> **Work order**: Your copy should begin with the line containing "Obraz 通過していく電車", end with the line containing "Cannon Corps? We're", match the listing below exactly, and contain no pictures.

> **Data to examine**:
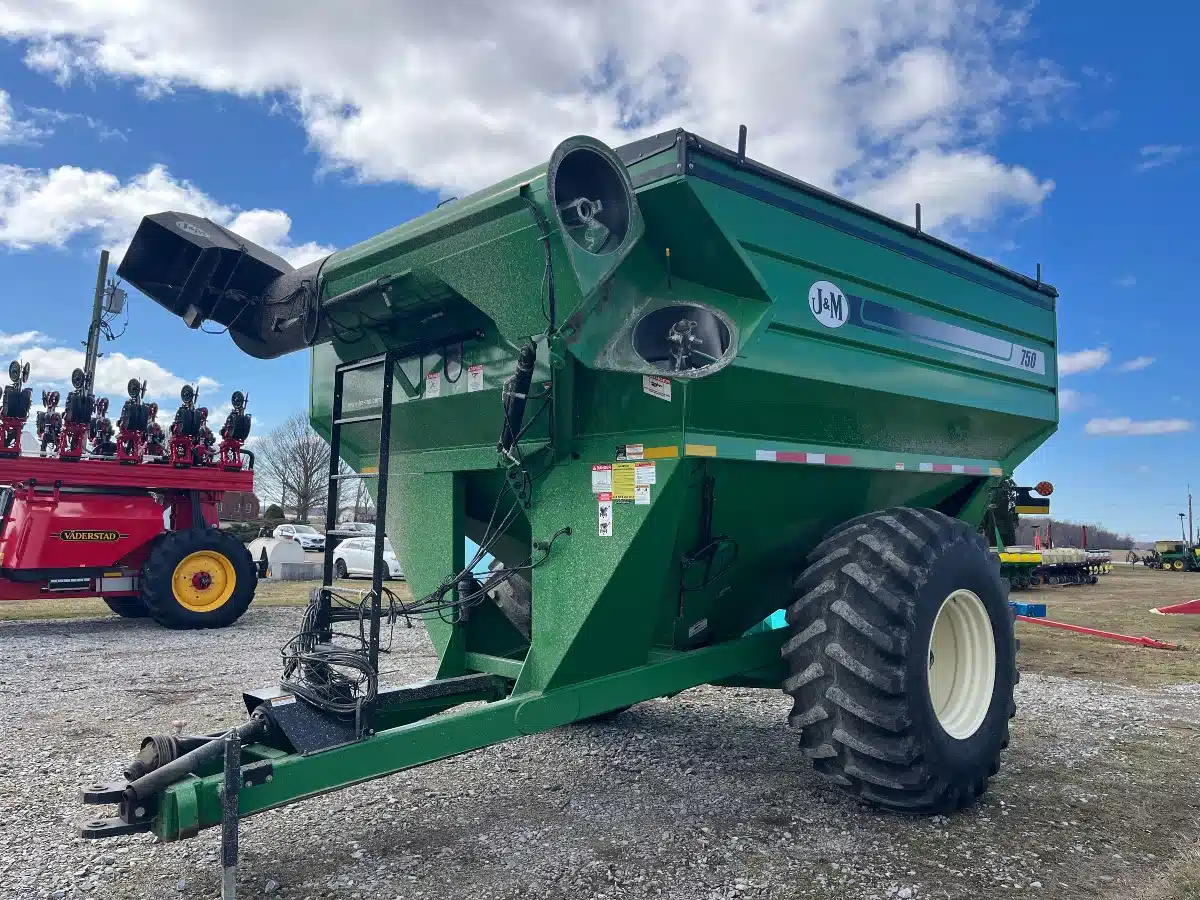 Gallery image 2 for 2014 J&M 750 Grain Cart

==

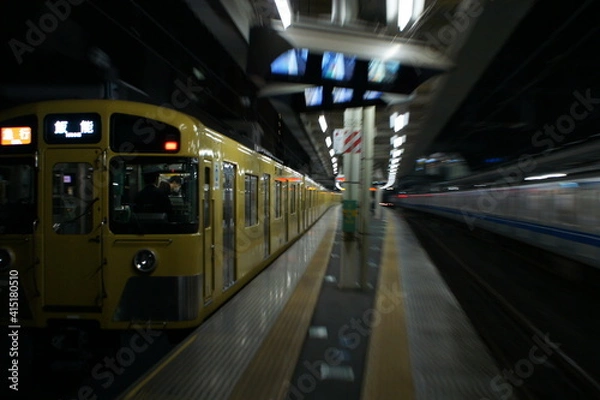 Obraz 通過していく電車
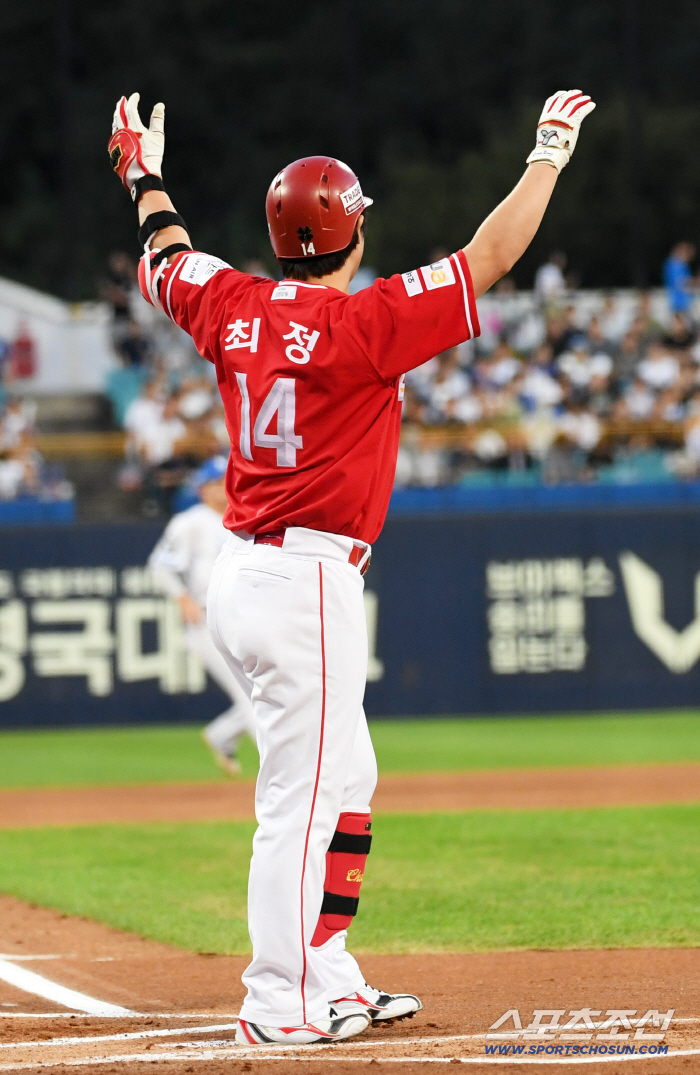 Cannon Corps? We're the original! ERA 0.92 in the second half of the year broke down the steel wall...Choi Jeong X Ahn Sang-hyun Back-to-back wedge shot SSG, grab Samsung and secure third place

> **Exercise answer**:
 Obraz 通過していく電車
 Cannon Corps? We're the original! ERA 0.92 in the second half of the year broke down the steel wall...Choi Jeong X Ahn Sang-hyun Back-to-back wedge shot SSG, grab Samsung and secure third place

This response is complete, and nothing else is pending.